Actually, this too is a worthy topic of anthropological debate, no? The idea
of worry and how it differs between cultures, and how it effects different
cultures differently?

I was thinking -- as I wrote that paragraph, in fact <g> -- that this would be
a fine topic for a study in contrasts, perhaps between Modern Western culture
and Traditional Native culture. (I'm sure such studies have been done, too,
but if we simply refer to them, we have no topic for discussion. <g>)

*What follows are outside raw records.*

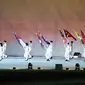 Petugas membawa bendera negara peserta pada penutupan ASEAN Para Games 2022 di Stadion Manahan, Solo, Jawa Tengah, Sabtu (6/8/2022). Tuan rumah Indonesia menjadi juara umum pada ASEAN Para Games 2022 tersebut. (FOTO: Dok. ASEAN Para Sports Federation)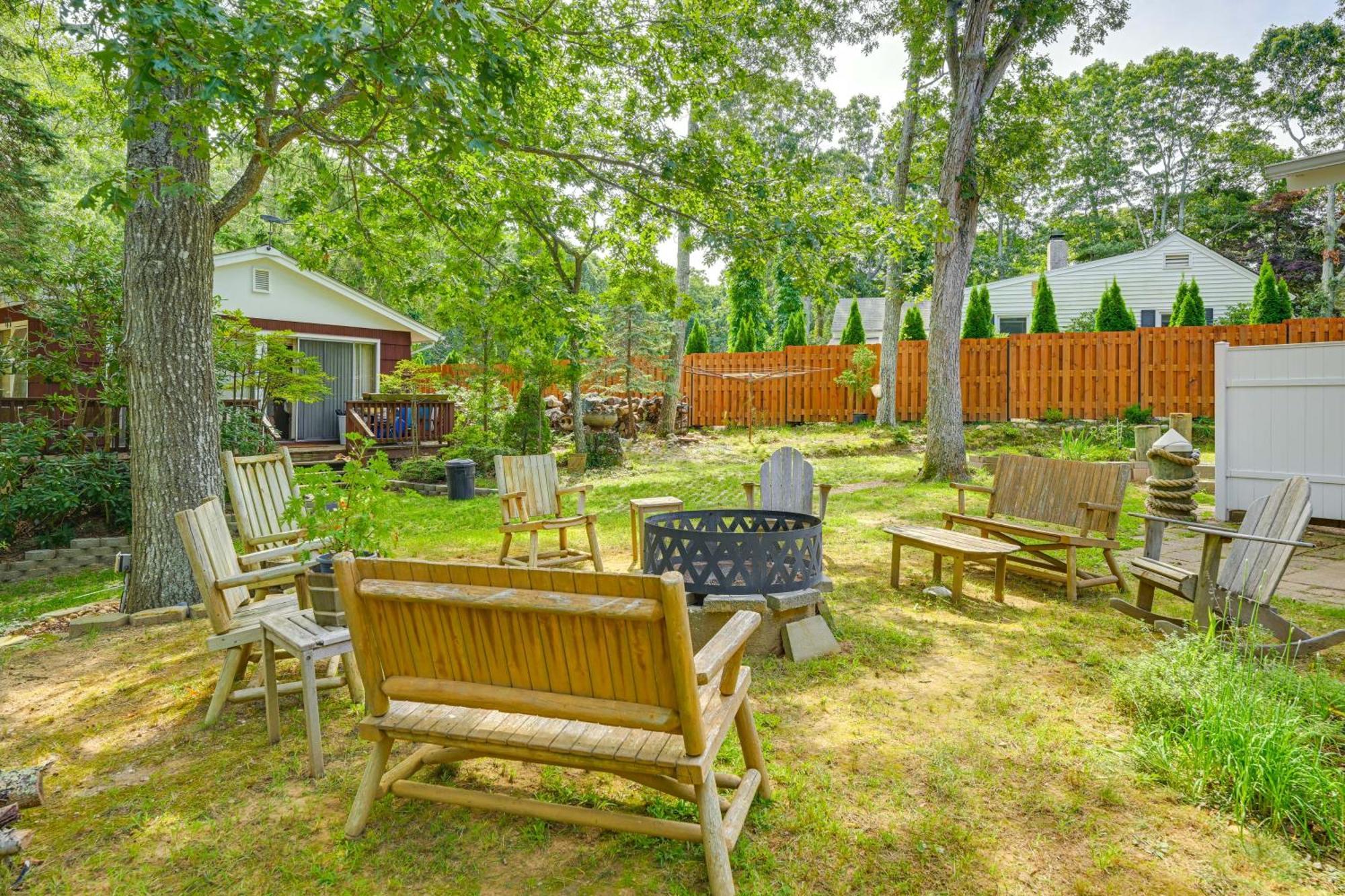 Home In Long Island Wine Country - Walk To Beach! Cutchogue Ngoại thất bức ảnh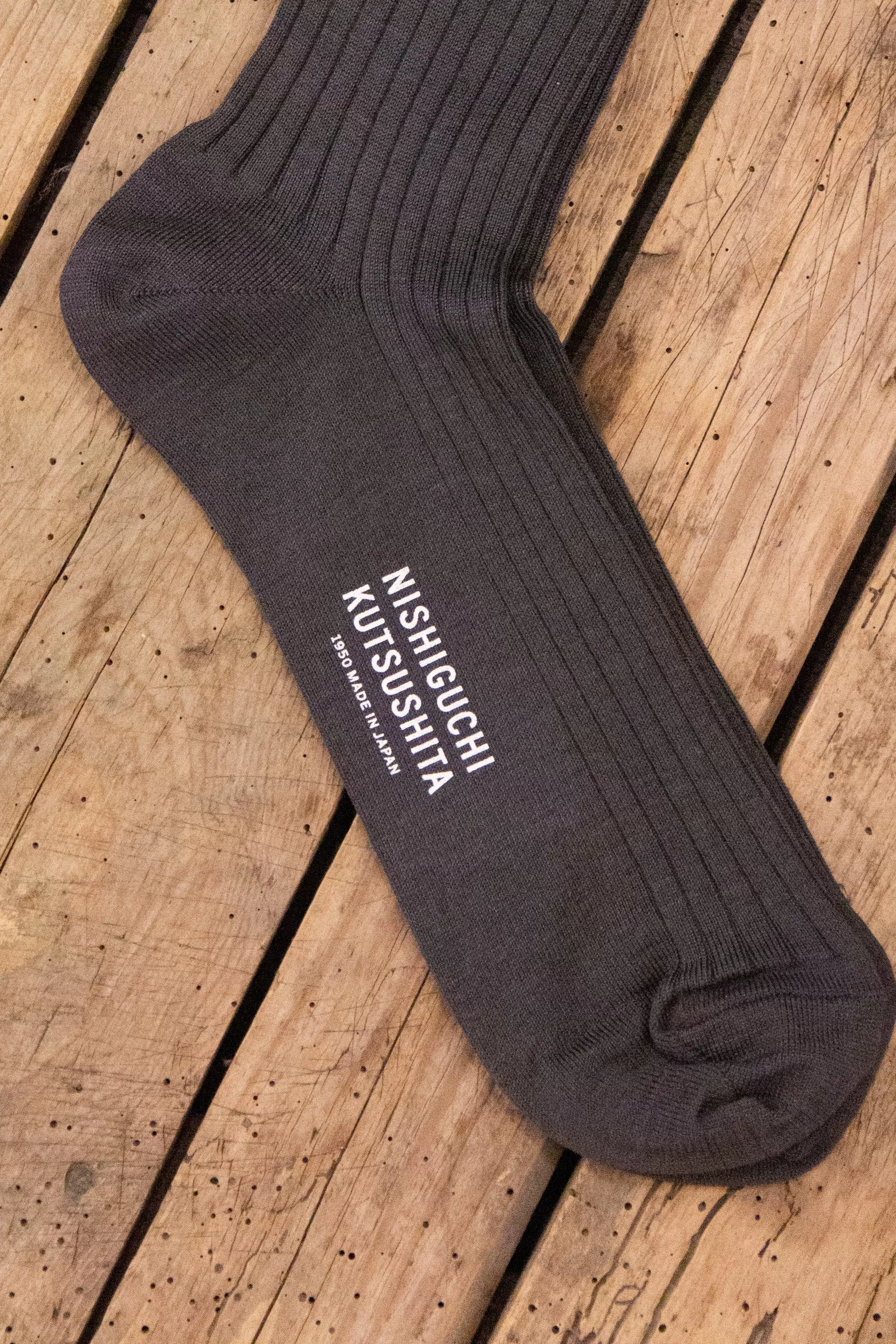 Nishiguchi Kutsushita, Silk Cotton Ribbed Socks, Charcoal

For instance -- who worries less? The Native American who is fairly
certain, because of his or her ties to tradition, the past, nature, and the
spiritual cosmos, of his or her place in things; while the Western American
lives more for the moment (or perhaps for the short future, but almost never
for the past), engages in endless inquiries into existence, and feels more
spiritually and personally isolated from nature and humanity?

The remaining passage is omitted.